As expected, 0bama has nominated one of his narcissist “enablers”, the Republican Chuck Hagel, as Secretary of Defense.
Hagel, while a Vietnam veteran, is not exactly known as a bright light on the defense firnament, and cleaves to some truly dangerous foreign policy notions, notably his softness concerning Iran in particular and islamofascism in general. That in itself should have Americans worried.
A number of Jewish organizations have raised concerns about Hagel being a cold fish about Israel at best, and harboring antisemitic prejudices at worst.In response, some of the usual D party ‘court Jews’ have started spinning that what appears black is really white, while a number of the usual suspects have been claiming the usual canard that ‘Jewish voters do not care about US interests, but only about Israel’. More about this in a moment.
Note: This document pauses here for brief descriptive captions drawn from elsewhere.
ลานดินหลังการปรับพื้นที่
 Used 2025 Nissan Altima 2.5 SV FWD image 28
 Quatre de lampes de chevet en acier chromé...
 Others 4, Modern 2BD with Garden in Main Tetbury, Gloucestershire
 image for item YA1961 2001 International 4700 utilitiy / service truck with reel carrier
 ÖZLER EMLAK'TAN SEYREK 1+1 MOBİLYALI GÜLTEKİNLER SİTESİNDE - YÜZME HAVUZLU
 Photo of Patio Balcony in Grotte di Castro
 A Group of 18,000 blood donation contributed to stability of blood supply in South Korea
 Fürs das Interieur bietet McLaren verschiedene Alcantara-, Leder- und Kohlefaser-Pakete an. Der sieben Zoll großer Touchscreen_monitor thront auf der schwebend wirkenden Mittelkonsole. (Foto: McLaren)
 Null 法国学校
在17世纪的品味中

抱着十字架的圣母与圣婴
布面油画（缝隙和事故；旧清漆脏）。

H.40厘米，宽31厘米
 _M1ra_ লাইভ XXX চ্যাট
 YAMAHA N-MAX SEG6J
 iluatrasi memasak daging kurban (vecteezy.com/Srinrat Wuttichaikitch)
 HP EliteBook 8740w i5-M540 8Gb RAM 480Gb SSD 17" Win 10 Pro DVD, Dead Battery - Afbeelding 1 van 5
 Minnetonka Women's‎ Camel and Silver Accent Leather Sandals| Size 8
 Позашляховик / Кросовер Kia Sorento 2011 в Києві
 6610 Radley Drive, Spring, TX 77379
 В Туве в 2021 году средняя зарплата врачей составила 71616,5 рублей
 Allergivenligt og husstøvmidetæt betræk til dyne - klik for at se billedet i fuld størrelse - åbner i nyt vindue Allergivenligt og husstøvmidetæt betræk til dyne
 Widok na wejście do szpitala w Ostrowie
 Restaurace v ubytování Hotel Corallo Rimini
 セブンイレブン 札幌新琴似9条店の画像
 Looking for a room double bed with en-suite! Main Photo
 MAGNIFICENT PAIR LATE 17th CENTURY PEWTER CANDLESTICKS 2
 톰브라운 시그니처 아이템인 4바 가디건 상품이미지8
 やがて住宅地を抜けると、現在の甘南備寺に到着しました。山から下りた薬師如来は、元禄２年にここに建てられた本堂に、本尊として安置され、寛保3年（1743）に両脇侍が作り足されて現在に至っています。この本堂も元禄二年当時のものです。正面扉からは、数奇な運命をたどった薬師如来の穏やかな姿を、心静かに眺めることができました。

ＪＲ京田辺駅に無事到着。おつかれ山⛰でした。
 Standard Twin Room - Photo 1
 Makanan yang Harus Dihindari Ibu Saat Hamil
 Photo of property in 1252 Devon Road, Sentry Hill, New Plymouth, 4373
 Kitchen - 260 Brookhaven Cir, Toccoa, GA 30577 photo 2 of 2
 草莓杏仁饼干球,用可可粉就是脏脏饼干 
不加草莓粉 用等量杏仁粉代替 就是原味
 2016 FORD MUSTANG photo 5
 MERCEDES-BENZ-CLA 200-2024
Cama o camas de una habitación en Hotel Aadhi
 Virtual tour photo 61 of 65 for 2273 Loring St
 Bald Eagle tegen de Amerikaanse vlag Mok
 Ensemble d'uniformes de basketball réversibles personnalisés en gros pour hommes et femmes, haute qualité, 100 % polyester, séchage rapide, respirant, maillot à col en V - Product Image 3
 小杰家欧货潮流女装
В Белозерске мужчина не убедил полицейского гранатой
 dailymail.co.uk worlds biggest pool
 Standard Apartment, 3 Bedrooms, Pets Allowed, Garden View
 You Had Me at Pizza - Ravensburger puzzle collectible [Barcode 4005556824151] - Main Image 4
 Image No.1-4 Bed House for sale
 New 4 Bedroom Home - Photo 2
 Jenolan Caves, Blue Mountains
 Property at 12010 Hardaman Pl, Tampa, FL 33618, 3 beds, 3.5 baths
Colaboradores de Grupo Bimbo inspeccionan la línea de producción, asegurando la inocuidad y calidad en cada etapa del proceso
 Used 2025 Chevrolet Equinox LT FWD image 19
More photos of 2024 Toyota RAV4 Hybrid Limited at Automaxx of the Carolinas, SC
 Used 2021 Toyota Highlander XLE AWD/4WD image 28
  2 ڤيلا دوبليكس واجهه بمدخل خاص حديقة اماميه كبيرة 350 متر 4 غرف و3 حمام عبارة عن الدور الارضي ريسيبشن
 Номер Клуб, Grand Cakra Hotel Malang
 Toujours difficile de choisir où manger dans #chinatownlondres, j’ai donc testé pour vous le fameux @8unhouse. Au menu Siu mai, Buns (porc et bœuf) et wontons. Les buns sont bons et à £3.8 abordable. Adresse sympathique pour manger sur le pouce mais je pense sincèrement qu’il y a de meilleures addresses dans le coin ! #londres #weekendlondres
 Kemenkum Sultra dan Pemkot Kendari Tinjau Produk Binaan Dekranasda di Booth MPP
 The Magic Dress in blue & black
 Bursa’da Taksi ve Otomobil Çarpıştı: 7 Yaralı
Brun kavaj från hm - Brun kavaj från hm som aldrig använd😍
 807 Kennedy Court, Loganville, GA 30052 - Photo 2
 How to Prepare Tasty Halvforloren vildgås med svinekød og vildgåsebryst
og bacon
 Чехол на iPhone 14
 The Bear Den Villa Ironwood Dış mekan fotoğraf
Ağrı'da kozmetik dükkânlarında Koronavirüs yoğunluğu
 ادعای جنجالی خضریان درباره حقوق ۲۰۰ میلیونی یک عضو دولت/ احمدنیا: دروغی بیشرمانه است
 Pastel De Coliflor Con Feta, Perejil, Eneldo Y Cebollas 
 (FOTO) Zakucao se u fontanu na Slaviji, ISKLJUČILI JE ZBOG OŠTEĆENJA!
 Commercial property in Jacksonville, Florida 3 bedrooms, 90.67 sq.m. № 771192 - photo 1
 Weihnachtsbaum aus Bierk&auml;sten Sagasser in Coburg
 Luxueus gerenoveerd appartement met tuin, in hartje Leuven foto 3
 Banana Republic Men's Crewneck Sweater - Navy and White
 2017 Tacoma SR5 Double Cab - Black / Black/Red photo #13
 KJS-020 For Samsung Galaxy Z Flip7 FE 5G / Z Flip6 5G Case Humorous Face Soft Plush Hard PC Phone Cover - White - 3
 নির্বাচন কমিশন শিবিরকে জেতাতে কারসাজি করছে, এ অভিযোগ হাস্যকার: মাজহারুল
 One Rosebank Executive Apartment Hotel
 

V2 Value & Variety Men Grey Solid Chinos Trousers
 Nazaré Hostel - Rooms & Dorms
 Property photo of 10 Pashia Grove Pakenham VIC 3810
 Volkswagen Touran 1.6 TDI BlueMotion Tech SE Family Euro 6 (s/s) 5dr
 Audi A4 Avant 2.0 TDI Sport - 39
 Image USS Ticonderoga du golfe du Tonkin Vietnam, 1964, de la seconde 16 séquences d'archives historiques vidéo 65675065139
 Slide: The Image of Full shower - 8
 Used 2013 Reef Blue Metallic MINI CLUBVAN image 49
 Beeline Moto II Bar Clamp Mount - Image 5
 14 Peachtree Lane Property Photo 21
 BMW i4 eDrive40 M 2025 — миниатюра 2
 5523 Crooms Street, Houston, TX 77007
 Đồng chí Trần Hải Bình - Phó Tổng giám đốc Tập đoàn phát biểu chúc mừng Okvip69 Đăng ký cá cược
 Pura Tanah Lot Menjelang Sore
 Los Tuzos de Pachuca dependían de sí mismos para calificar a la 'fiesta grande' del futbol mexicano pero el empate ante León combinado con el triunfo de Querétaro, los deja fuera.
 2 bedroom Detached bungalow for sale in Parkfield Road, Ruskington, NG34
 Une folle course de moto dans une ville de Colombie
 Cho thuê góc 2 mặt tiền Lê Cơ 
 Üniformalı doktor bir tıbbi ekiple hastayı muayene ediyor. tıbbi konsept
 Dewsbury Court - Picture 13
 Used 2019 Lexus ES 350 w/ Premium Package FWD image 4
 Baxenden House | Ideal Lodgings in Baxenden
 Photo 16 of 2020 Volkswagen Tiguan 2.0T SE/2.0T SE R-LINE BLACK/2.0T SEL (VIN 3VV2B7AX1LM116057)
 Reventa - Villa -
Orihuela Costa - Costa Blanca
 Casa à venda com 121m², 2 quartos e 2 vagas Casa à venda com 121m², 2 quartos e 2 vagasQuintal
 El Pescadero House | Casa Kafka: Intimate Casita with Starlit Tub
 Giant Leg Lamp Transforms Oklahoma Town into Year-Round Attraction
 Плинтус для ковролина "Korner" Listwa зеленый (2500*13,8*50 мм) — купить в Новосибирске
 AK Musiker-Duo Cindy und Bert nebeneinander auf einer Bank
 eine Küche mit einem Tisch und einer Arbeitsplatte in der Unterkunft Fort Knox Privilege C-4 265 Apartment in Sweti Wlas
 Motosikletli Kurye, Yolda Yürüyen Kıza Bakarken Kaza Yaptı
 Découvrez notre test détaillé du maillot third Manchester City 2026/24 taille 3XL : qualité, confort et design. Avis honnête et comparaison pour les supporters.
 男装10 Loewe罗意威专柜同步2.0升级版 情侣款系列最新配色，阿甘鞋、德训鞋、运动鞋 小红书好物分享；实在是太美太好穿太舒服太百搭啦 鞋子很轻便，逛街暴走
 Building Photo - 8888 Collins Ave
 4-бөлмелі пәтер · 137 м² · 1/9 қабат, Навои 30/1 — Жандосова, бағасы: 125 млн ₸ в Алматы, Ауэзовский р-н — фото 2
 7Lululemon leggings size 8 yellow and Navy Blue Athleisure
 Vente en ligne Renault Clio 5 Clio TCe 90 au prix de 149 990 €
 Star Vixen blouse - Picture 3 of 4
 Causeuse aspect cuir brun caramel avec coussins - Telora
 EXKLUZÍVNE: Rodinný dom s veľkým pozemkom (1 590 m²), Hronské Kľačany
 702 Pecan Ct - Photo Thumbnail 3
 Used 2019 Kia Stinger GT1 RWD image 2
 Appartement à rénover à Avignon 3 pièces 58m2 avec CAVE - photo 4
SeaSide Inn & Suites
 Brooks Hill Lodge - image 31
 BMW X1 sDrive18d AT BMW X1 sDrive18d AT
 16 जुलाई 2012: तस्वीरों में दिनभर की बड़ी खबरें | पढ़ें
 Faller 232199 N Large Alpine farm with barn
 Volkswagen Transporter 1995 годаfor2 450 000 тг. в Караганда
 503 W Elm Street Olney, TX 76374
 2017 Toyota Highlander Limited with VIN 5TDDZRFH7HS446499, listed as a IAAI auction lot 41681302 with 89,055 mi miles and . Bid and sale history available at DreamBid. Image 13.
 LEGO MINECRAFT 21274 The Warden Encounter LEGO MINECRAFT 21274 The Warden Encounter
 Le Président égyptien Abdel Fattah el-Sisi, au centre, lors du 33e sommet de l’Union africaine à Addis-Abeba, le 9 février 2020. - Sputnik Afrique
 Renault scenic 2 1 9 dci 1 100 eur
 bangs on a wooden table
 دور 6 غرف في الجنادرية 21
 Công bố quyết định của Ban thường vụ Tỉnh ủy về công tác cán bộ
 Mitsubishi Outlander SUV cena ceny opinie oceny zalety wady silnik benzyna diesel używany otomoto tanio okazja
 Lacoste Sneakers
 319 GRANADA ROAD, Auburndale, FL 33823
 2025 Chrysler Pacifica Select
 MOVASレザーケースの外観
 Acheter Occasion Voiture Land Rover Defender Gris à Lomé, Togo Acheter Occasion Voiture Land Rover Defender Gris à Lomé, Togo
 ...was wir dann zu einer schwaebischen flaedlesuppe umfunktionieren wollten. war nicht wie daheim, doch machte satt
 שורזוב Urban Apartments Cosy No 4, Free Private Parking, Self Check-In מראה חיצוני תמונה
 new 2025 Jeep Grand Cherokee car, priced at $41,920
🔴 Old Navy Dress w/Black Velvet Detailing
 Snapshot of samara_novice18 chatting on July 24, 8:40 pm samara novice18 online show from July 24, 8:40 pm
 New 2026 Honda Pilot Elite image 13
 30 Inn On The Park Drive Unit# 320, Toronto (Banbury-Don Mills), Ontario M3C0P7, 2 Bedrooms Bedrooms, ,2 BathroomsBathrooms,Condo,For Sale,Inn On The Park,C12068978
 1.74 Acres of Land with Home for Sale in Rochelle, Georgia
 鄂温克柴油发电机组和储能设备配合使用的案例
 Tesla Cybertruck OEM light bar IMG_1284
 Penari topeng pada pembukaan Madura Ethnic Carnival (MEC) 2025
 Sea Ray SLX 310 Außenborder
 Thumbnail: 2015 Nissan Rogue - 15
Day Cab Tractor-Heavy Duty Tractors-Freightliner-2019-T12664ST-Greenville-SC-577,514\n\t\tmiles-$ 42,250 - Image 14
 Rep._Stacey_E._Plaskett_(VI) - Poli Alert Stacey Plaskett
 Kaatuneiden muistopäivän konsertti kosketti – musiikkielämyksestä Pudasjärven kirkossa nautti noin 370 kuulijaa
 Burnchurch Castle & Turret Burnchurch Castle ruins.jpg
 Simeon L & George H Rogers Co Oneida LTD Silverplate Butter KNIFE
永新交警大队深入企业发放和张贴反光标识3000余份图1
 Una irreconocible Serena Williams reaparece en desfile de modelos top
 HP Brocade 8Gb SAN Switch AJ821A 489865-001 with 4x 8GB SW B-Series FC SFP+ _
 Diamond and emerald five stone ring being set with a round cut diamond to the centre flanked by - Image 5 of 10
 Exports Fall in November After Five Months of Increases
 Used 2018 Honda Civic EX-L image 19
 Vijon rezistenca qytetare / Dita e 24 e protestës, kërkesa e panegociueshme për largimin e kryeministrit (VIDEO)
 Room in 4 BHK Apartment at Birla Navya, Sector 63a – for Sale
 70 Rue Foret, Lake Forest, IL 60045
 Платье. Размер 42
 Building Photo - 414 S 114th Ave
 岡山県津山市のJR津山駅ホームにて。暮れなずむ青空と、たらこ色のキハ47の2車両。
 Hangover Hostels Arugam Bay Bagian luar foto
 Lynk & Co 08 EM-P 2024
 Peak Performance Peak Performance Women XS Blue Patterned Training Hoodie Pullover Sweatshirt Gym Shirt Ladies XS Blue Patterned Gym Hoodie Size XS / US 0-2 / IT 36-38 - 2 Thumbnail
But it is actually peculiar that 0bama would support a candidate with so much ballast unless he stood for what 0bama himself stands for. This becomes even more intriguing once you consider that Hagel has major baggage from a left-lib point of view as well: not only has he made a number of statements about homosexuality that would immediately get you ostracized in such circles, but he was actually instrumental in scuttling US adoption of the Kyoto protocol — which is the lib-left equivalent of not only having slaughtered a sacred cow but having first cooked it alive in its mother’s milk.
Back to the voting canard. I will shock you by saying the truth is not as bad: it is worse. And in fact, there is nothing Jewish about it. Allow me to explain.
Half a lifetime’s experience in a stereotypical New Class profession, and interaction with a great many Jewish (and non-Jewish) academics, lawyers, government bureaucrats, people in the “helping” professions, and journoscribblers has convinced me of one thing: members of the New Class tend to vote the short-term interest of the New Class, regardless of whether they are nominally Jewish, Episcopalian, or Buddhist. If you are a govenment bureaucrat, you are likely to vote for the party that stands for an ever bigger and more bloated government — even if this in the long run will bankrupt everybody including you. If you are a university professor or administrator, you will tend to vote not only for those promising more goverment funding of higher education and research but also for an administration that encourages everybody to go to college whether they belong there or not and whether there is any demand for more degrees in precious snowflake studies. (There is still robust demand in the STEM fields but, as they demand not only IQs well above average but actual work that increasingly fewer “native” students are willing to put in, their benches are increasingly populated by first-generation immigrants.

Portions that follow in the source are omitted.